De l'Empire des valses à Vienne la Rouge des années 1920, plusieurs siècle durant, Vienne a été la capitale brillante et cosmopolite d’un empire hétérogène, une ville à la fois de tradition et d’avant-garde.
Creuset de la Mittel Europa à l’inter-culturalité productive, Vienne fut un terrain fertile en génies dans tous les domaines artistiques et scientifiques qui remettent en question la culture classique et prônent l'émergence d'un homme nouveau. Simultanément, la société viennoise se trouve en pleine déréliction et connaît une profonde crise d’identité, qui aboutira selon l’expression de Hermann Broch à "l’Apocalypse joyeuse".
C’est dans ce contexte historique, où sévissent l’antiféminisme, l’antisémitisme, l'exacerbation des nationalismes, avec notamment le tiraillement entre les traditions de l’âme autrichienne et l’essor du pangermanisme, qu’Alain-Didier Weill a situé sa pièce "Vienne 1913" qui illustre comment cette crise sociétale induit une crise d'identité individuelle.
Et ce à travers une fiction, placée sous le regard de Freud, celle de la rencontre d'Hugo, un jeune aristocrate viennois, antisémite et également en proie au complexe d’Oedipe pour une mère considérée comme un objet par son mari, et Adolf, désargenté, artiste raté, haïssant la peinture de Klimt qui sublime la féminité, épris des mythes germaniques véhiculés par les opéras wagnériens, qui établit comment la destinée individuelle se trouve parfois sur le fil du rasoir et peut basculer irrémédiablement vers le mal absolu.

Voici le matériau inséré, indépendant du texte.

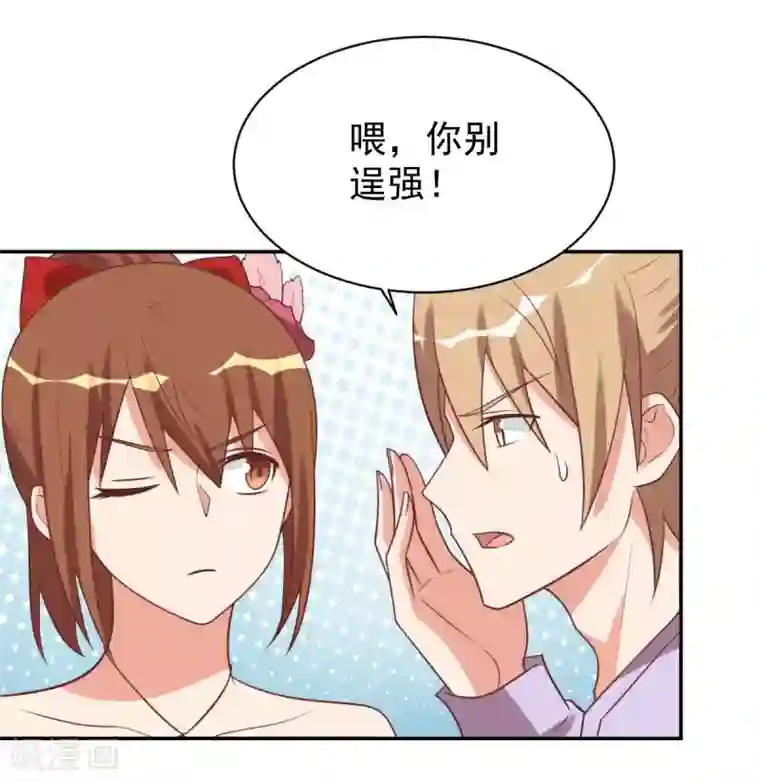 刀与蔷薇木前世篇14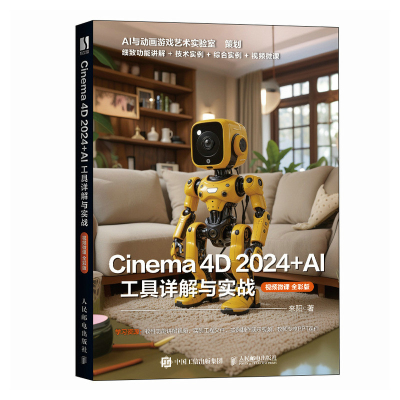 正版新书]CINEMA 4D 2024+AI 工具详解与实战(视频微课 全彩版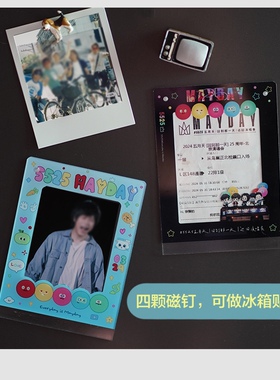 五月天演唱会门票亚克力摆台透明收纳珍藏纪念根照片展示架定制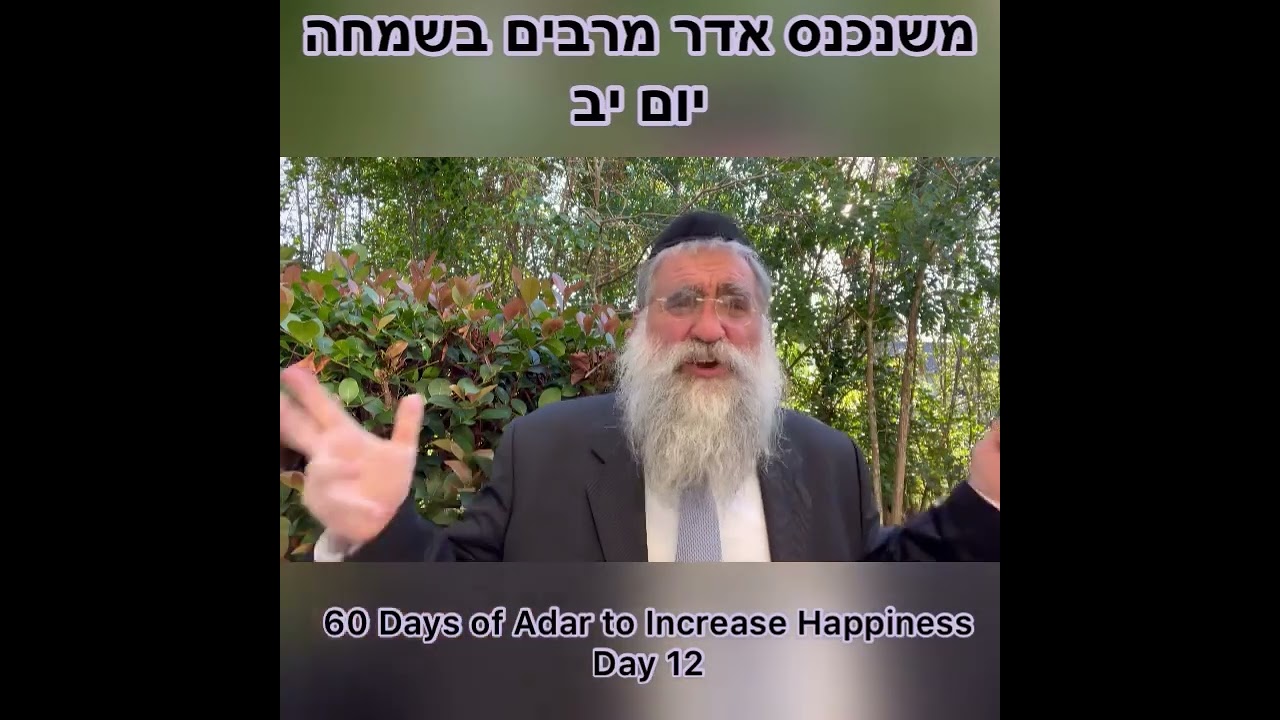 ‎משנכנס אדר מרבים בשמחה יום יב Day 12 of 60 Days ״Adar״ Increase Happiness Rabbi Yitzchok Minkowicz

Terriblement intelligente et brillante, sans dogmatisme ni déterminisme réducteur, la pièce d’Alain-Didier Weil prône essentiellement la vigilance humaniste et ce n'est pas rien quand on sait qu'il s'agit d'un devoir de tous les instants et d'une tâche qui ne connaît jamais de fin.
Dans une magnifique scénographie "art nouveau" avec la création plastique d'Odile O et accompagné d'un somptueux et spectaculaire orchestre d'instruments de verre, Jean-Luc Paliès réussit une transposition brillante, esthétisante et cependant réaliste, en réunissant les comédiens en formation d’orchestre, dont les rôles sont différenciés par un simple élément de costume.
Tous remarquables, ils interviennent alternativement en lecture au pupitre et en jeu sous la direction d'Isabelle Starker, officiante remarquable, autour du fameux Adolf dont Miguel-Ange Sarmiento donne une incarnation stupéfiante.